We kunnen weer vliegen. We kunnen weer op en neer naar Berlijn, Londen of Parijs. Of we vliegen heel ver, naar Pakistan, Mexico of Brazilië. En dan vliegen we met gezellige tropische parasietjes in ons lijf weer naar huis. We vliegen zakelijk, of we vliegen héél ver omdat we onze grenzen willen verleggen.

Ik vloeg wel eens héél ver, ook. Naar Canada, Midden-Amerika of India. Vorig jaar vloog ik niet zo ver, en naar mijn zin ook een beetje te weinig. Ik vloog naar Napels en naar Berlijn. En een keer van Nice naar Amsterdam. Dit jaar vloog ik slechts naar Valencia en terug. Maar ik heb snode plannen… Mijn dochter Rosa vliegt ook wat af, tijdens haar reis. Ze zit nu in Peru, volgens de laatste berichten. Ze beklimt de Machu PIcchu op dit moment.
Enfin, we vliegen wat af.

Maar bijna was ons het vliegen vergaan. Het gesputter van een vulkaan wees ons op de nederigheid van ons bestaan… Even weer met beide benen aan de grond blijven staan. Wel leuk overigens: dat juist zo’n klein landje als IJsland de halve wereldeconomie meesleurt. Eerst de banken, nu de bergen. Eerst bankroet nu roet.

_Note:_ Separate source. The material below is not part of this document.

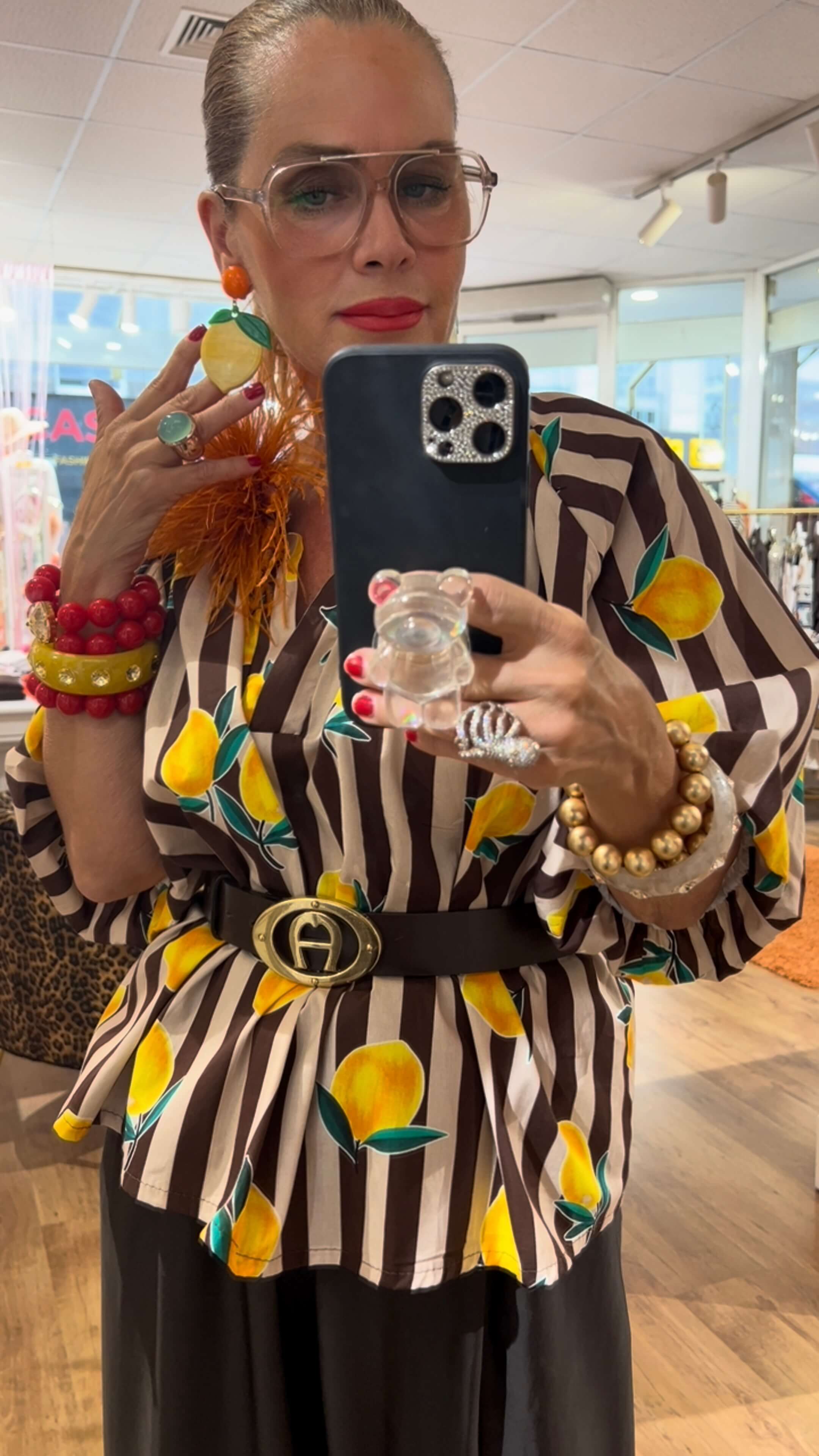 Frau mit Zitronen-Ohrringen, gestreifter Zitronen-Bluse, Gürtel und auffälligem Armschmuck vor einem Spiegel im Store.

En wat staat ons allemaal nog te gebeuren. Misschien dat Katla, het broertje van Eyjafjallajökull op uitbarsten staat. Onheil en onweer! Regen, wind en storm. Rotzooi en rampen!

Onheilsprofeten voorspellen ons dat Het Einde nakende is. Dat de wereld ten onder gaat aan een wolk van stof. Dust to dust, ashes to ashes…

Ik, persoonlijk, geloof dat niet zo. Bovendien, mij was een nieuwe ‘Big Bang’ beloofd. Onlangs nog. En daar stá ik op! Hoppa! In één keer allemaal naar de maan. Ik hou wel van wat spektakel. Boem! Kledder! Klats! Dan maar liever de lucht in!

Misschien dat we weer als engelen nederdalen. Of als elfjes. Dan kunnen we tenminste weer vliegen. Want dat zijn we zo gewend.

Marij

Nou maar hopen dat ze nog heelhuids thuiskomt!